Gomas perceived of the South African society as being bifurcated between black and white. The white oppressors are seen through the mental scars inflicted on blacks over centuries. These scars are "irrefutable evidence" of the barbarity of white racism. The dialectics of struggle demands the destruction of this racism and the edifice on which it is built. Racism in South Africa does not only have for its objective the maintenance of the 'enslavement' of blacks, but seeks to dehumanize them, make them into what Gomas calls "skepsels". The resultant fear, humiliation and hatred within blacks must be redressed through a mental and economic revolution. Those blacks who give in to fear and humiliation, degrade themselves and become quislings and stooges. It is the fighter against oppression and enslavement who is on the road to restore his/her human dignity. The fighter's fear and hatred of white domination, finds expression in resistance. For Gomas, this spontaneous and inevitable resistance must be canalised into organisations of the people. Thus while domination destroys blacks and divides them, it also deepens the revolutionary consciousness of blacks and ultimately unites them. In the process of decolonising and re-humanizing blacks, the whites too become free. Their freedom is, in the final word, dependent on the freedom of blacks. Whites have to accept that, just as Western civilization - its cathedrals, palaces, industrial cities - was built on the exploitation of black Africa, so South African industrialisation and apartheid have grown on the unfree backs of black people. Any form of unity and democracy in the struggle must find expression and reflection through these realities. In one of Gomas's explanations of the psychology of apartheid, he wrote:

It is wrong and immoral to oppress a racial minority, but it is a thousand fold more so if a social minority oppresses the majority of the people as in the Union of South Africa. Man's inhumanity to man is reaching intolerably precarious dimensions under Nat's regime. But I still maintain that the so-called friends of the non-white people, particularly the various white Christian denominations are inexcusably more blameworthy for having created a white S. African 'tradition' in white and non-white relationships in church, schools and otherwise. They started by indoctrinating the young impressionable minds of the white children to the teaching that the possession of a white skin place them in a position of tyrannical domination over those whom their white gods did not favour with a white skin. The successions of these barbaric perpetrators of an inhuman philosophy, should not escape their full share of gilt for the present situation. They initiated apartheid where there was no Nats and apartheid laws. The non-whites have been condioned [sic] mentally maimed and murdered to life into accepting an inferior status of humanless creatures (skepsels).
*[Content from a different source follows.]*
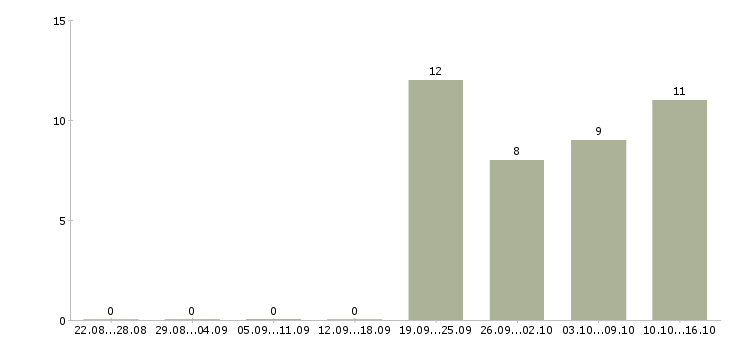 Работа требуется консультант Чечня - Число вакансий Чечня по специальности требуется консультант за 2 месяца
Although the 'struggle was his life', Gomas's zest for life was also revealed in his love for nature, while his knowledge of the flora of the Cape was quite remarkable. His sense of humour was maintained even after he had had two strokes. But even on these occasions Gomas could not but reveal his fundamental passion: the struggle. In one interview he teasingly referred to the absurd extremes of the policy of monopoly of diamonds by De Beers, which prevented a person from "even picking up a diamond lying about on the mine dumps". "But then," he remarked to the interviewer,",, Harry Oppenheimer was quite, comparatively speaking, a liberal man. Maybe you have got a bursary from him?"

Gomas, the man, was inseparably bound to Gomas the politician and activist."... Even in his last years, when bedridden and forced to view the world as through a window, news of the struggles of workers never failed to excite and animate him." The Durban strikes of 1973 prompted him to express admiration for the "firm action" of black workers. With the Soweto Revolt he paid tribute to the youth who "have done in one day, what we've been trying to do for years". The lion has finally come to rest, but not before a prophecy. "Sooner or later, the people must triumph," he stated with typical optimism. His legacy contributes, in no small way, to that pending victory. There can be no greater tribute to any person.